Hi, everyone.
Here is what happened.
I have two devices, A with x86 cpu and 1080ti, and B(xavier) with arm cpu and nvidia gpu.
Each device has TVM fully installed, and I can autotune my model on each device individually.
Now I want autotune my model on B using A with RPC, cause it is slow when tuning on device B.
Error occurs:
DEBUG:autotvm:No: 503 GFLOPS: 0.00/0.00 result: MeasureResult(costs=(InstantiationError('Traceback (most recent call last):
[bt] (1) /home/pzq/tvm_cuda10/build/libtvm.so(TVMFuncCall+0x61) [0x7fc72c9d8521]
[bt] (0) /home/
pzq/tvm_cuda10/build/libtvm.so(+0x122b75b) [0x7fc72c9d375b]
File "/home/pzq/tvm_cuda10/python/tvm/_ffi/_ctypes/function.py", line 72, in cfun
rv = local_pyfunc(*pyargs)
File "/home/pzq/tvm_cuda10/python/tvm/autotvm/measure/
measure_methods.py", line 607, in verify_pass
raise InstantiationError("Skipped because of invalid gpu kernel")

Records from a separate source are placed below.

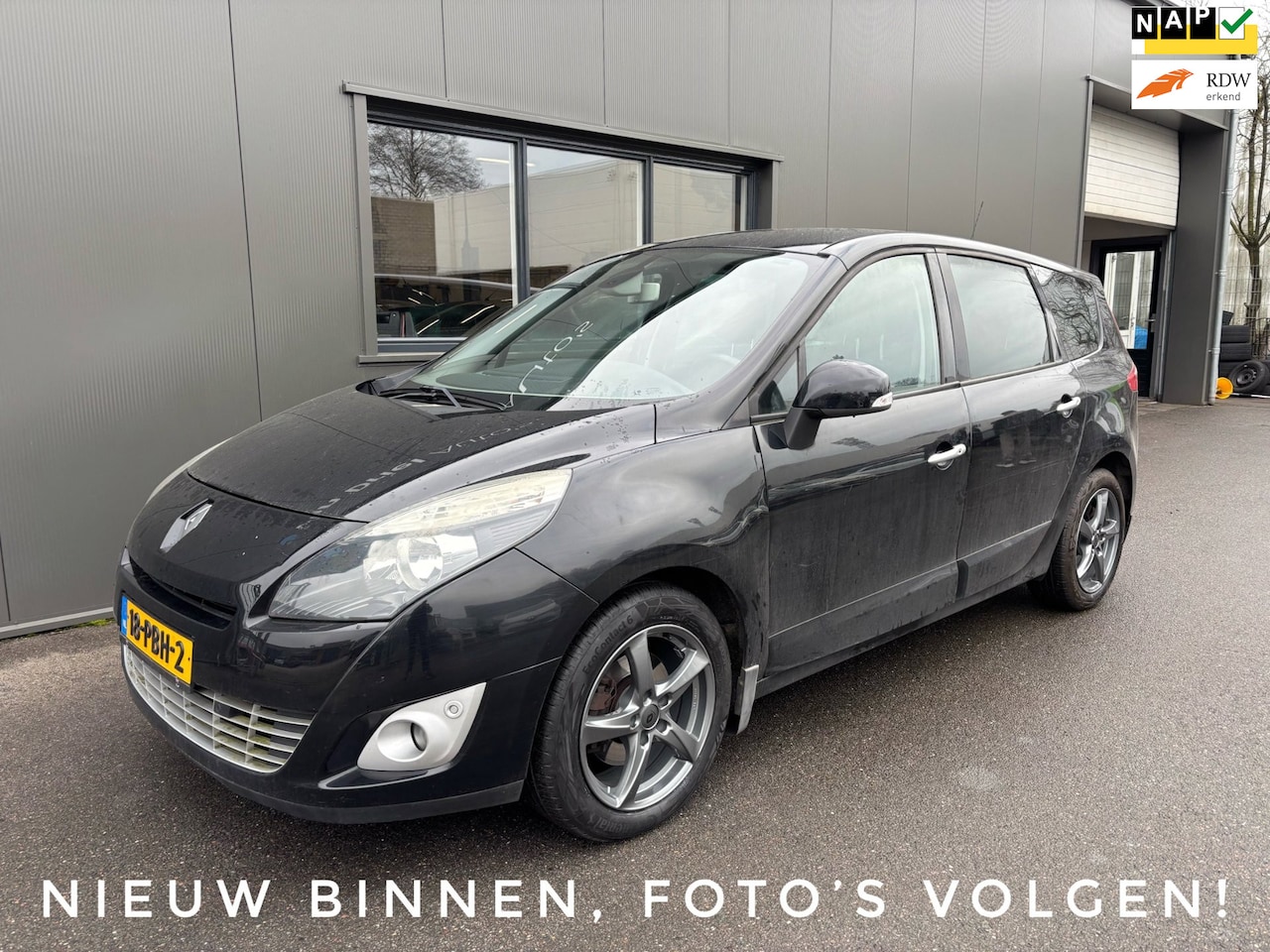Renault Grand Scénic - 2.0 Automaat Dynamique 7persoons / Parkeersensoren / Trekhaak! - AutoWereld.nl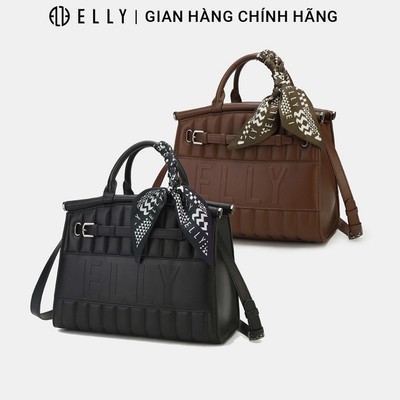 Túi xách nữ da thật ELLY ET181 túi đeo chéo đeo vai xách tay cao cấp thanh lịch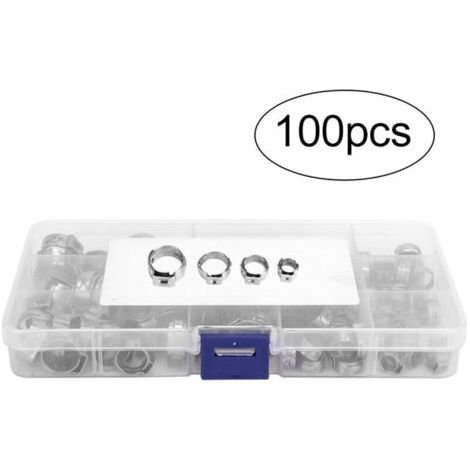 Eosnow 100pcs en acier inoxydable à oreille à oreille à serrage (1/4)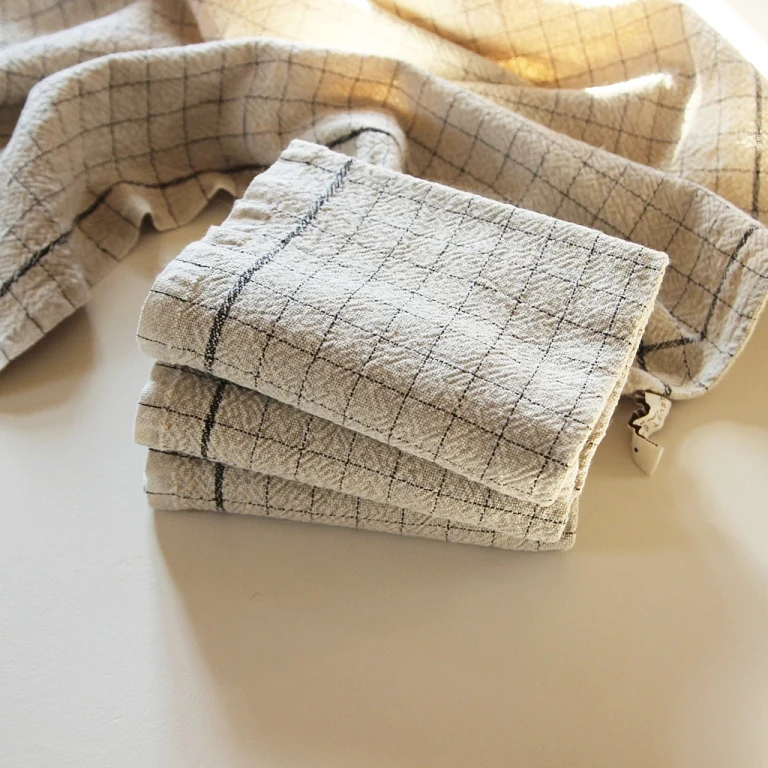 Linen Tea Towel Torchon Recycle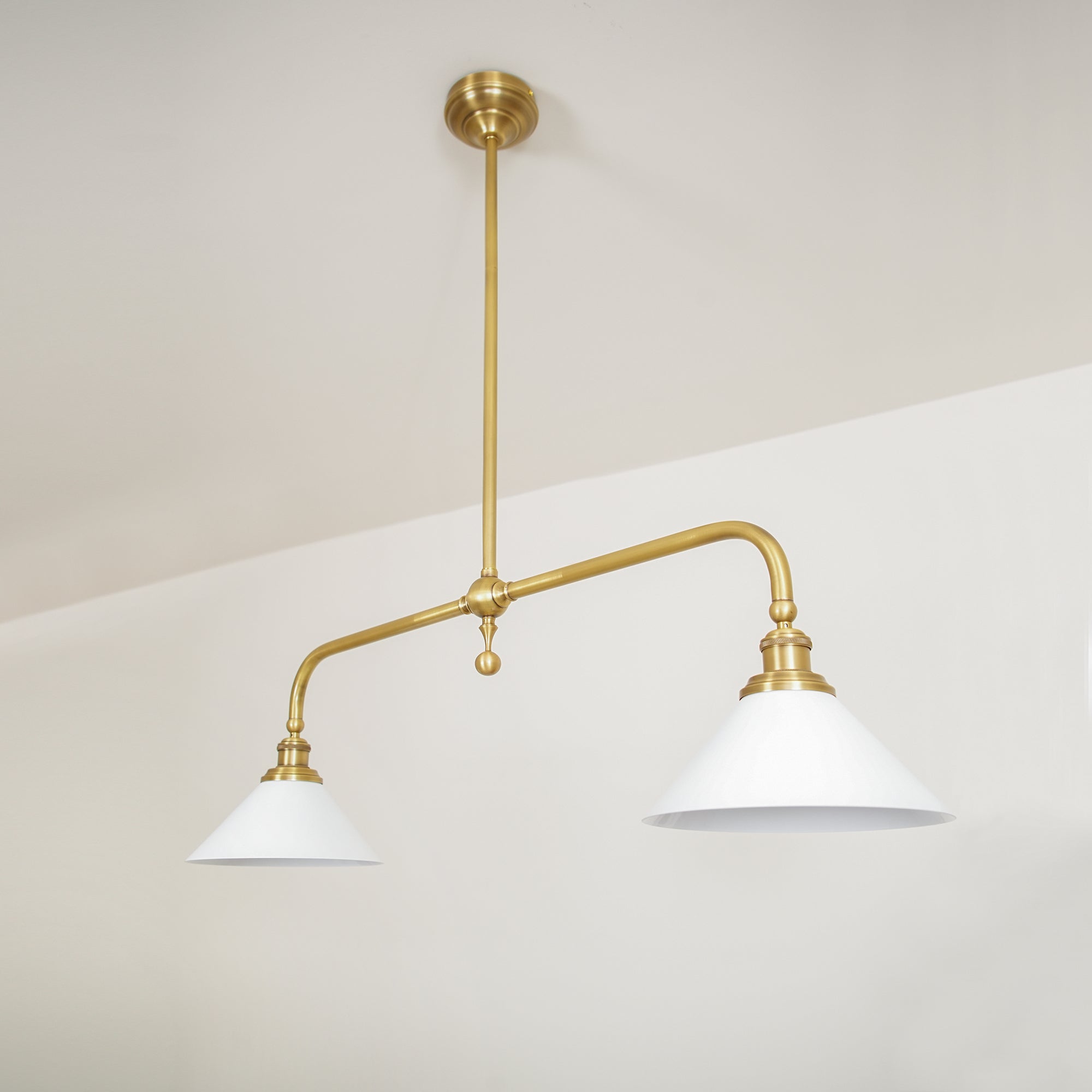 Zya Vintage Two-Head Pendant Light – product view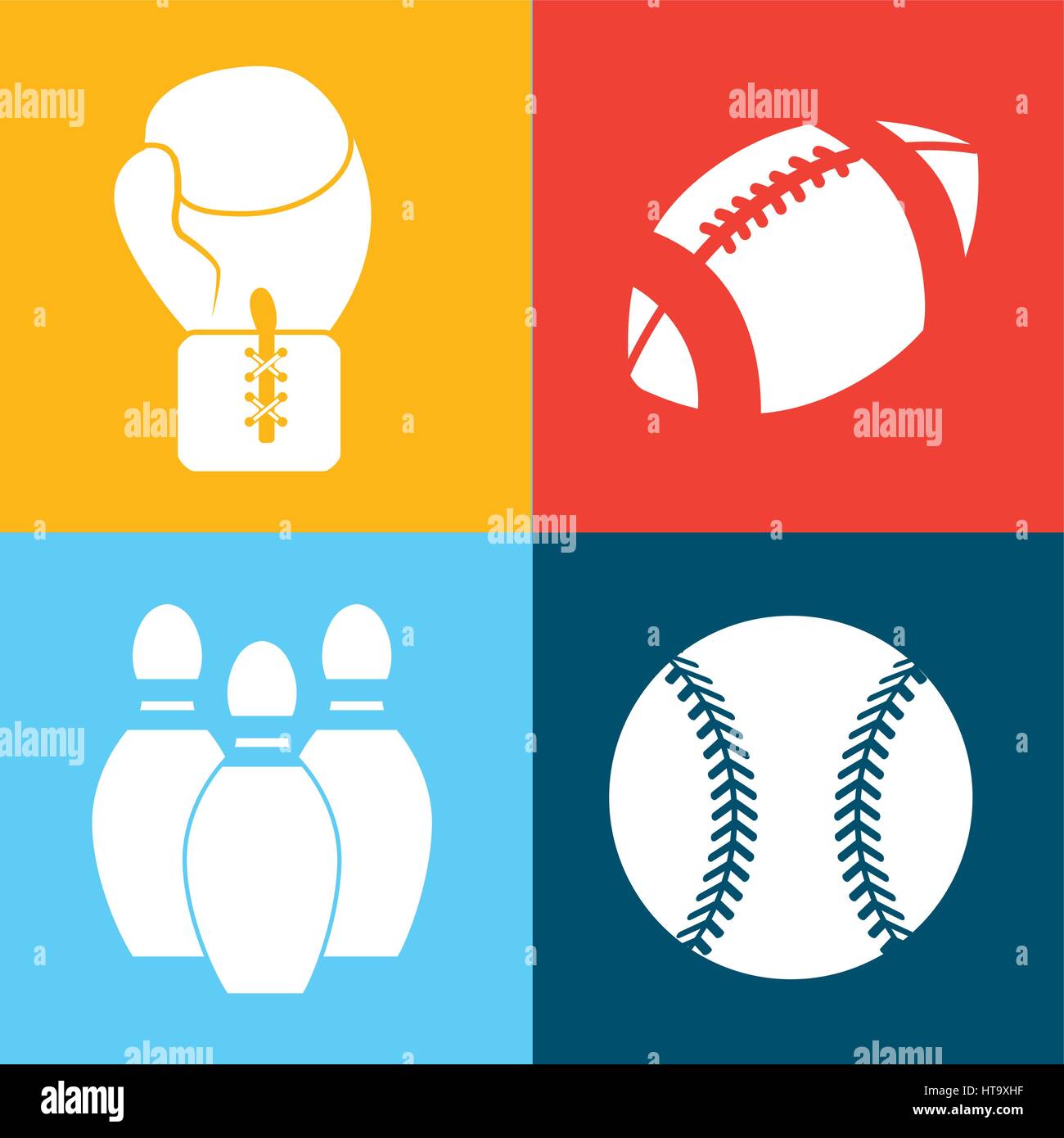 Set sport games balls Stock Vector Images - Alamy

tvm.autotvm.task.space.InstantiationError: **Skipped because of invalid gpu kernel**',),), **error_no=1**, all_cost=0.293758
8691711426, timestamp=1565772783.6429822) [('tile_b', [36, 1, 1, 1]), ('tile_y', [1, 1, 4, 1]), ('tile_x', [1, 1, 1600, 6]), ('tile_rc', [1, 4]), ('auto_unroll_max_step', 1500), ('unroll_explicit', 0)],winograd,None,406375
DEBUG:autotvm:No: 504 GFLOPS: 0.00/0.00 result: MeasureResult(costs=(RuntimeError('Traceback (most recent call last):
[bt] (3) /mnt/nvme/pzq/Desktop/tvm/build/libtvm.so(TVMFuncCall+0x70) [0x7f8437a7a0]
[bt] (2) /mnt/nvme
/pzq/Desktop/tvm/build/libtvm.so(std::_Function_handler<void (tvm::runtime::TVMArgs, tvm::runtime::TVMRetValue*), tvm::runtime::detail::PackFuncVoidAddr_<4, tvm::runtime::CUDAWrappedFunc>(tvm::runtime::CUDAWrappedFunc, std::vector<tvm
::runtime::detail::ArgConvertCode, std::allocator<tvm::runtime::detail::ArgConvertCode> > const&)::{lambda(tvm::runtime::TVMArgs, tvm::runtime::TVMRetValue*)#1}>::_M_invoke(std::_Any_data const&, tvm::runtime::TVMArgs&&, tvm::runtime:
:TVMRetValue*&&)+0xe8) [0x7f843ed3e0]
[bt] (1) /mnt/nvme/pzq/Desktop/tvm/build/libtvm.so(tvm::runtime::CUDAWrappedFunc::operator()(tvm::runtime::TVMArgs, tvm::runtime::TVMRetValue*, void**) const+0x6cc) [0x7f843ed214]
[bt] (0) /
mnt/nvme/pzq/Desktop/tvm/build/libtvm.so(dmlc::LogMessageFatal::~LogMessageFatal()+0x4c) [0x7f83c9108c]
File "/home/pzq/Desktop/tvm/src/runtime/cuda/cuda_module.cc", line 111
TVMErr',),), **error_no=4**, all_cost=4.153692960739136, ti
mestamp=1565772786.2338314) [('tile_b', [36, 1, 1, 1]), ('tile_y', [1, 2, 2, 1]), ('tile_x', [200, 16, 1, 3]), ('tile_rc', [1, 4]), ('auto_unroll_max_step', 0), ('unroll_explicit', 0)],winograd,None,107584
I have noticed that GFLOPS is always 0.0/0.0 and error_no = 1 or 4.
What could the problem be like?
What should I do?
I have cuda10.1 on A and cuda10.0 on B.
Should the cuda version on tuning machine A be strictly the same as target device B?